I've considered that, but then what would I do for the VHS and Betamax captures? I suppose I could find a VHS with S-Video output, but doubt I could find a Betamax player with one. I may hold off and wait until the SC-512N1-L/DVI arrives to see what kind of results I get via composite captures with it. I'll keep my fingers crossed that your first impression was correct and it was mostly compression noise.
Is dot crawl something that would be consistently visible on all media throughout the duration of the capture? Or would it tend to show itself more apparently during motion? The reason I ask is because my first two tapes captured were of outstanding quality and didn't have any noticeable artifacts. Could it have been the MPEG compression kicking in during a scene with fast motion that caused this?
I think it has more to do with the highly saturated color of the ball.
The avi sample is uncompressed (ever heard of huffyuv, Lagarith, etc., etc. etc.???). The avi has chroma upsampling error (usually shows up in highly saturated color as JVRaines noted, especially reds), and has obvious line timing errors. TBC turned off, was it? Bad idea. The side borders are wiggling and shifting position, and the golf club shaft has small notches in it. Internal line-level tbc's exist to prevent such problems.

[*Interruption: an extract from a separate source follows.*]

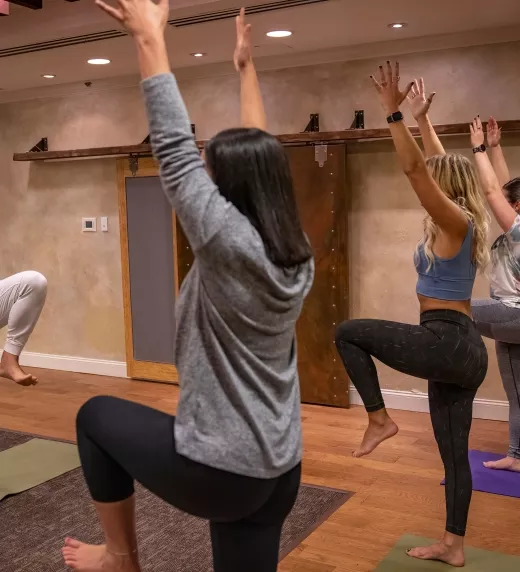 Girlfriends taking part in a yoga class at Crystal Springs Resort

If you can't find a decent VCR with s-video out (they haven't been made for years), can always use a Panasonic ES10 or ES15 for line tbc pass-thru and a decent y/c filter to help with dot crawl. A pass-thru device has the extra benefit of not tying you down to a single player or source.
Deinterlace? Don't. 59.94fps playback is OK, but you've eliminated DVD and standard definition BluRay/AVCHD, which are all interlaced. Looks like mp4 is where you'll be going.
If any of your VHS or Betamax tapes are movie-based recordings, you can't deinterlace those.
Last edited by LMotlow; 20th Mar 2015 at 02:15.- My sister Ann's brother
An easy way of reducing dot crawl is to blur it away. You can do this by downsizing to half width, then upscaling back to full width. This isn't acceptable with high quality video because the picture gets blurry. But VHS has such low resolution horizontally you can usually do this without harming the picture much. Try using VirtualDub's Resize filter in Lanczos3 mode to scale down to 360x480 then back to 720x480.
You can also use more sophisticated methods involving masks to limit the blur to edges, highly saturated areas, and moving areas. But I don't think it's necessary for this clip.
There are also dot craw filters for VirtualDub. But, as usual, they don't work really well on moving parts of the picture.
Last edited by jagabo; 20th Mar 2015 at 06:53.